Thank you. We see a pattern in both backtraces. Will analyze further.

prashan-abey commented 11 months ago

Hi @andywolk , is there any progress on the investigation.

We are experiencing the same issue after FreeSWITCH 1.10.10 upgrade.

flaviogrossi commented 11 months ago

@andywolk if it helps, I think I might be experiencing the same issue, and it seems that for the relevant calls, this log is printed in the logs, but not this one.

Meaning that the session lock can never be acquired or released.

We're currently investigating the issue, will post updates in case any further details come up.

andywolk commented 11 months ago

We are working on a solution. There is another issue filed where we can see similar things https://github.com/signalwire/freeswitch/issues/2290

xadhoom commented 11 months ago

For those that needs the latest freeswitch (like us, because of openssl 3.0.x support), reverting the commit cited in #2290 temporarly fixes the issue (we have it in production with the revert and all is running fine).

robertoscarpone commented 10 months ago

We are encountering this problem too, more and more frequently. Besides reverting the commit mentioned in #2290, is there any news on fixing this issue?

gabada commented 9 months ago

Was this resolved in FreeSWITCH 1.10.11? Thanks!

greenbea commented 8 months ago

No, 1.10.11 still has this bug.

gabada commented 8 months ago

No, 1.10.11 still has this bug.

Thanks for letting me know.

shaunjstokes commented 6 months ago

We also have this problem on 1.10.11, not an issue on 1.10.9.
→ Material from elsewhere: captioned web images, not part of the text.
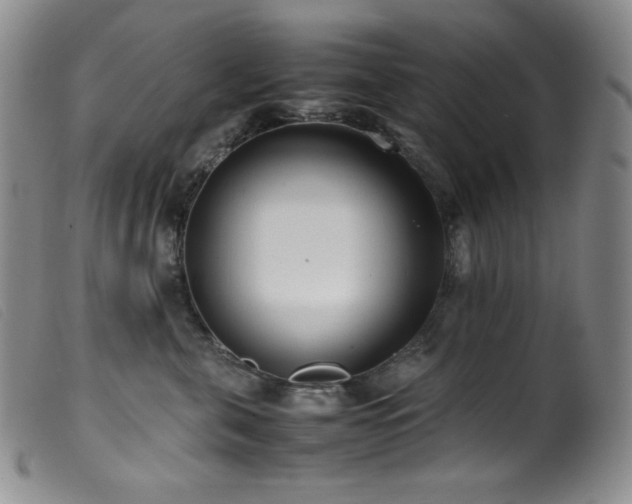 X0000099550571200805161455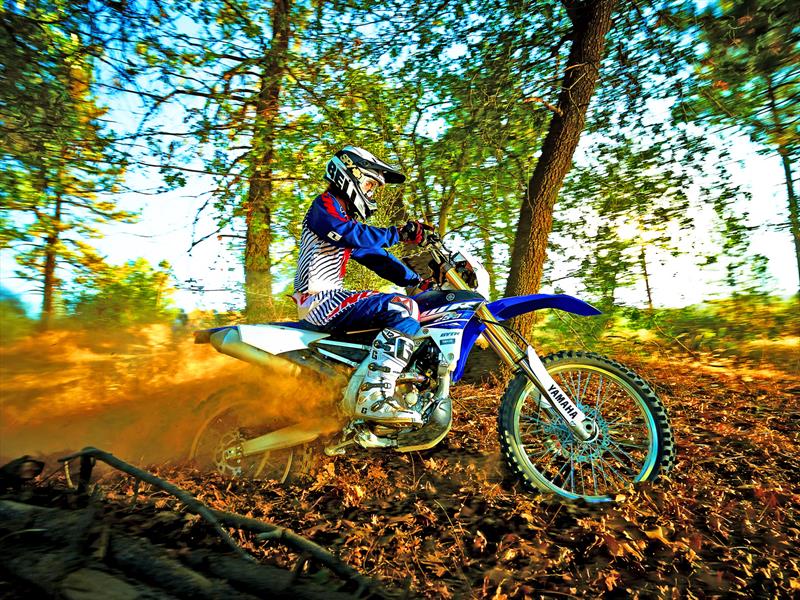 ������ ��� �������� ������ �� ������� ���� �������� ����������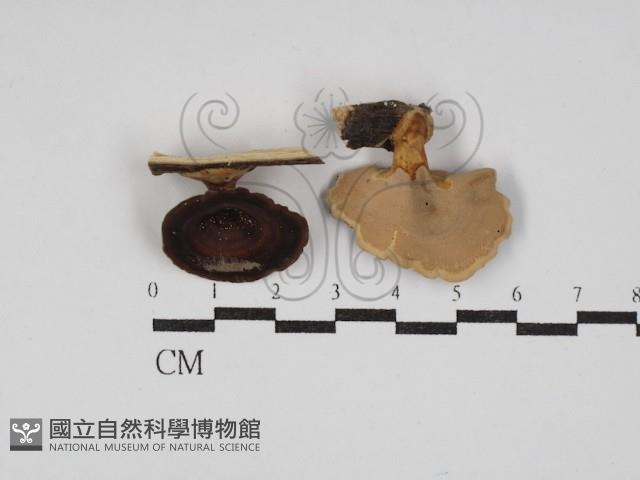 小孔菌屬藏品圖，第1張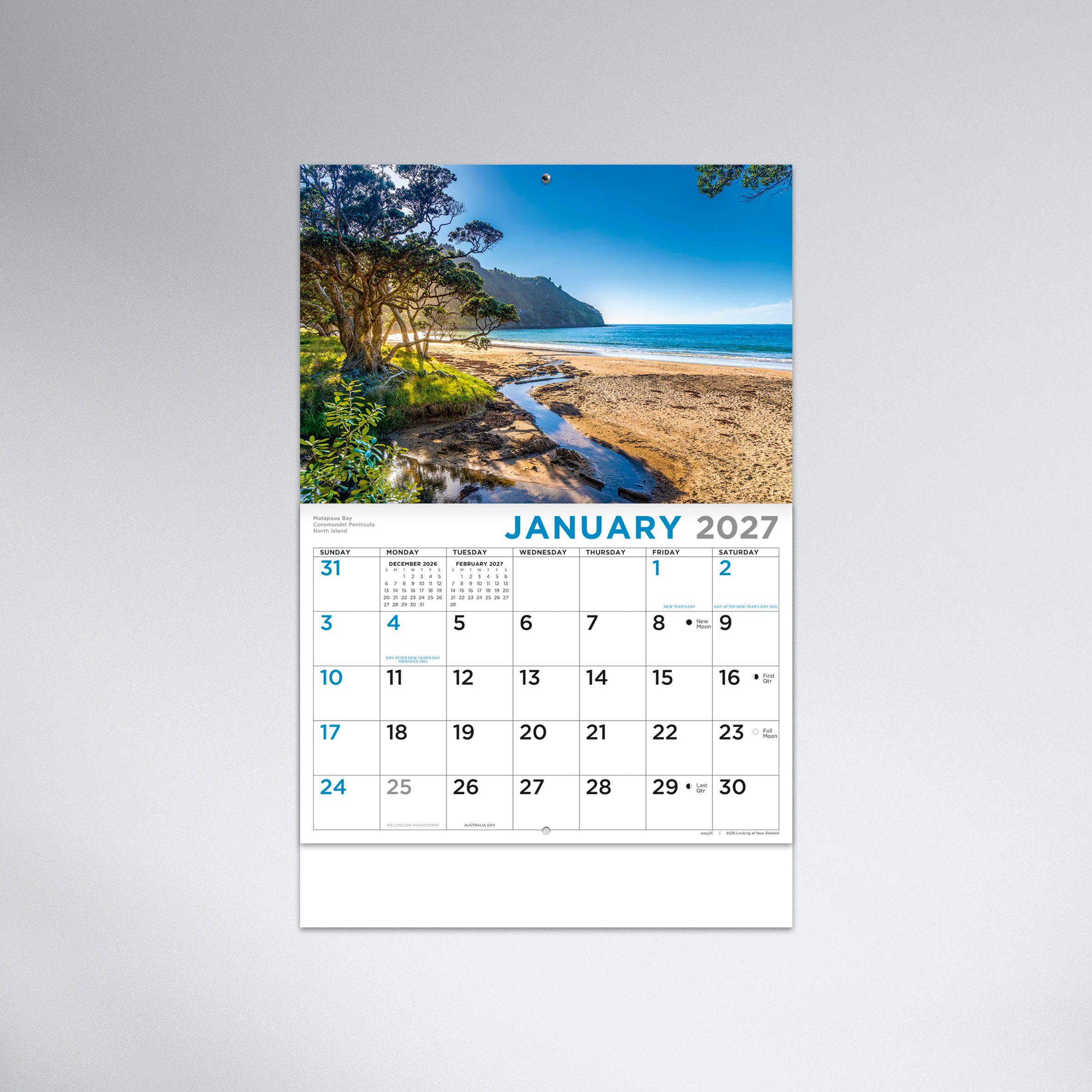 Looking_at_NZ_26_4512_TEXT_01 JAN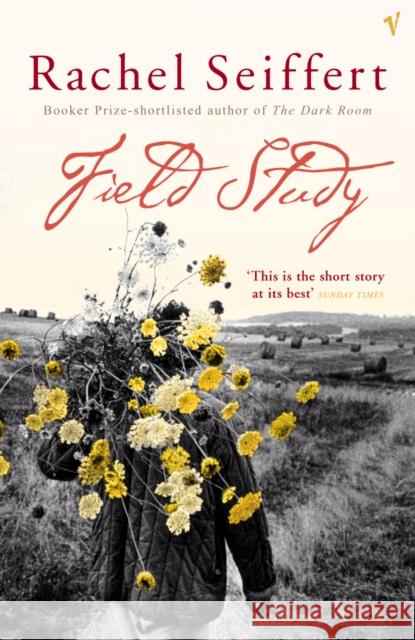 Field Study. Feldstudien, englische Ausgabe Rachel Seiffert 9780099461784 VINTAGE - książka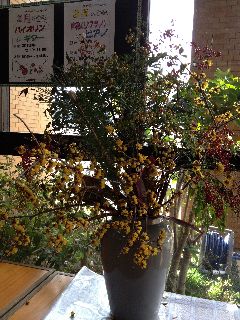 IMG_0215resized.jpg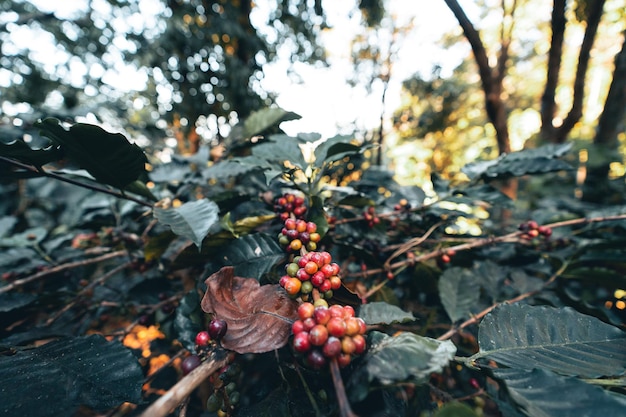 Jour de la récolte du café et de la plantation de café arabica en Thaïlande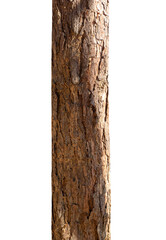 Aufkleber - Trunk of a Tree Isolated On White Background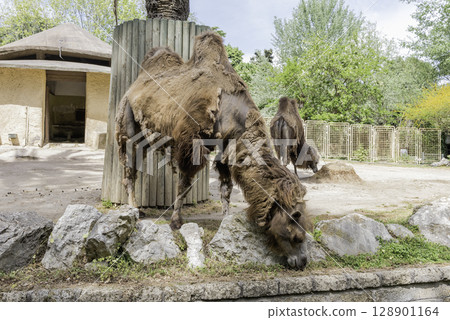 Camels looking for food at the zoo Camels looking for food at the zoo 128901164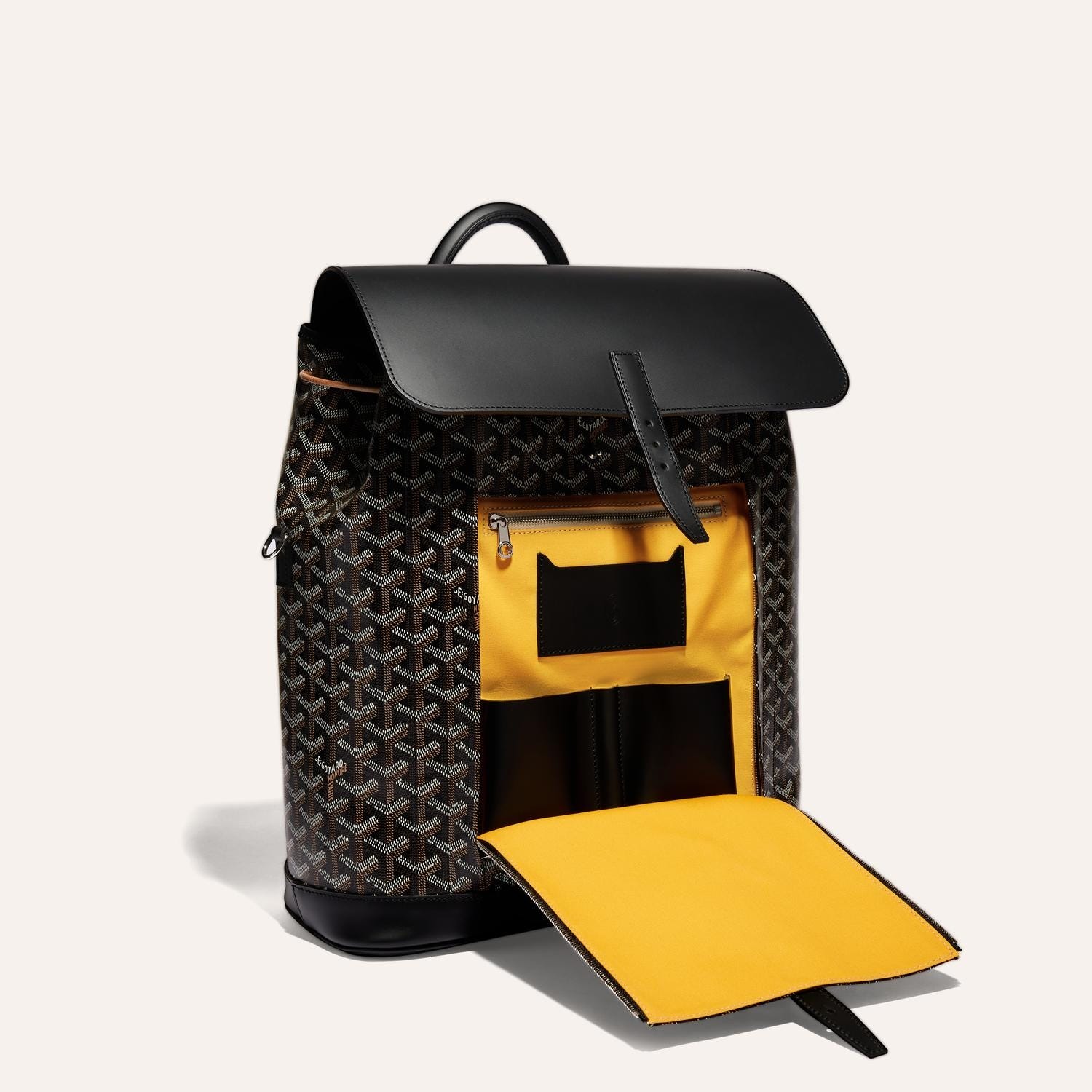 modal image 5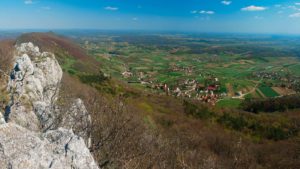 Read more about the article TEST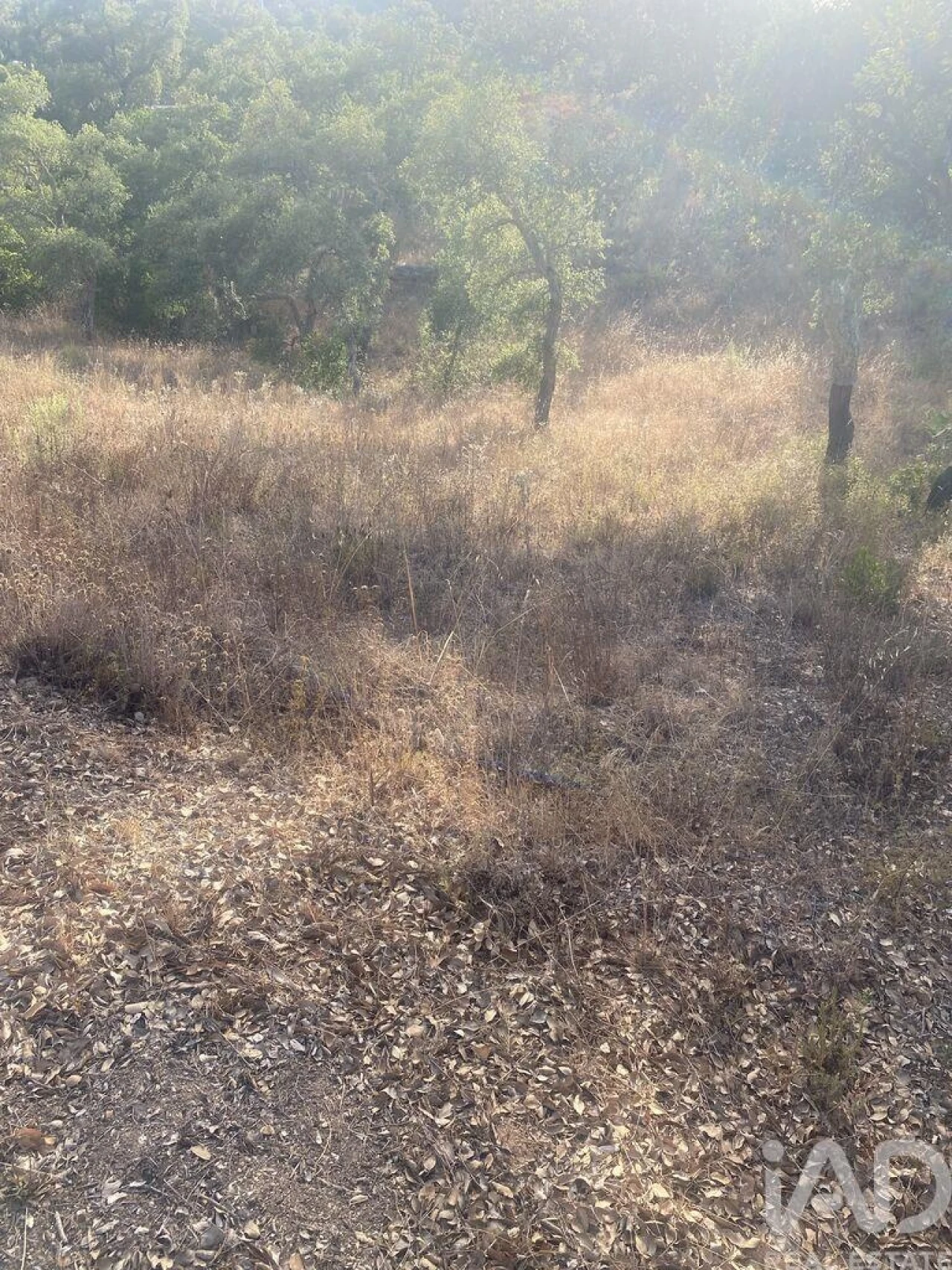 Terreno para Venda em São Brás de Alportel Foto 25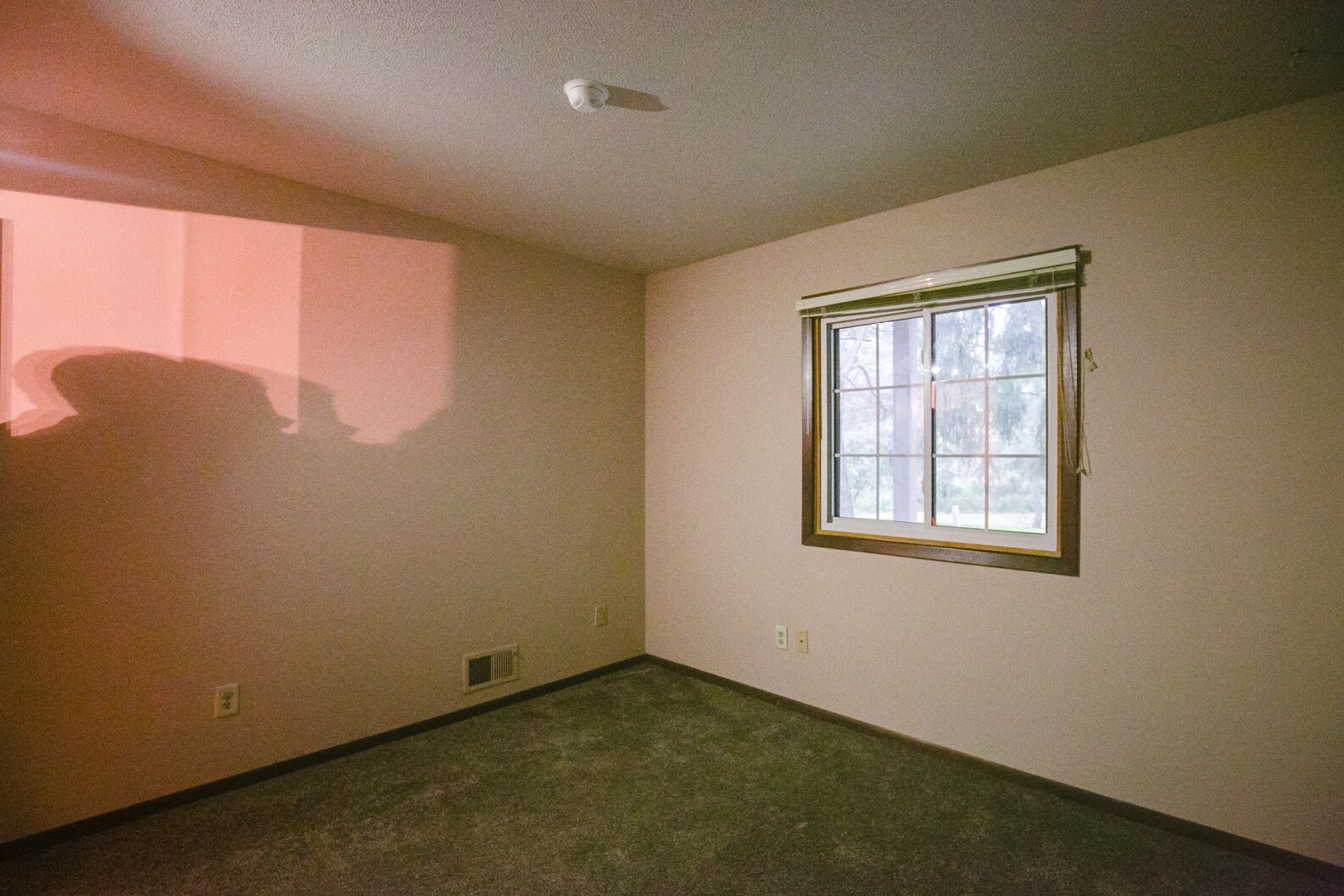 Building Photo - 12115 Drake St NW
pinc444 commented 5 months ago

I also have this issue I created a script that do uuid kill on old channels here is the code of this script

#!/bin/bash
now1=$(/usr/local/freeswitch/bin/fs_cli  -x "strepoch")
#here you set how old calls you want to kill
hour=3
minute=0
seconds=0

#here we calculate the total number of seconds from hour+minutes+seconds
allSec=0
allSec=$(($hour*60*60))
allSec=$(($allSec+$minute*60))
allSec=$(($allSec+$seconds))

#here we set the epoch we want to kill everything before it
timeLine=$(($now1-$allSec))

#here we are collecting from the datebase the uuid's and the epoch of all old calls
uuids=($(sqlite3 /usr/local/freeswitch/db/core.db  "select uuid from channels where created_epoch < $timeLine;"))
time1=($(sqlite3 /usr/local/freeswitch/db/core.db  "select created_epoch from channels where created_epoch < $timeLine;"))
time2=($(sqlite3 /usr/local/freeswitch/db/core.db  "select created from channels where  created_epoch < $timeLine;"))
#for uuid in "${uuids[@]}"; do

#here we loop over and do uuid_kill to all old calls
tmi=0
for ((i=0;i<${#uuids[@]};i++))
do
     echo "the uuid #:$i is:${uuids[$i]} with epoch: ${time1[$i]}  ${time2[$tmi]} ${time2[$tmi+1]}"
   rsp=$(/usr/local/freeswitch/bin/fs_cli  -x "uuid_kill ${uuids[$i]}")
   echo "the response is:$rsp"
   tmi=$tmi+2
done
dcw67 commented 1 week ago

@andywolk Is there any progress on this bug and related tickets #2290 and #2389? I was hoping it would be fixed in the most recent release. We have a large fleet of FS 1.10.10 servers and we have so many stuck channels now it impacts on channel limiting behaviour and capacity monitoring. We need to restart FS on all of them at a minimum which is a huge job and are considering whether to rollback to 1.10.9 to avoid this issue.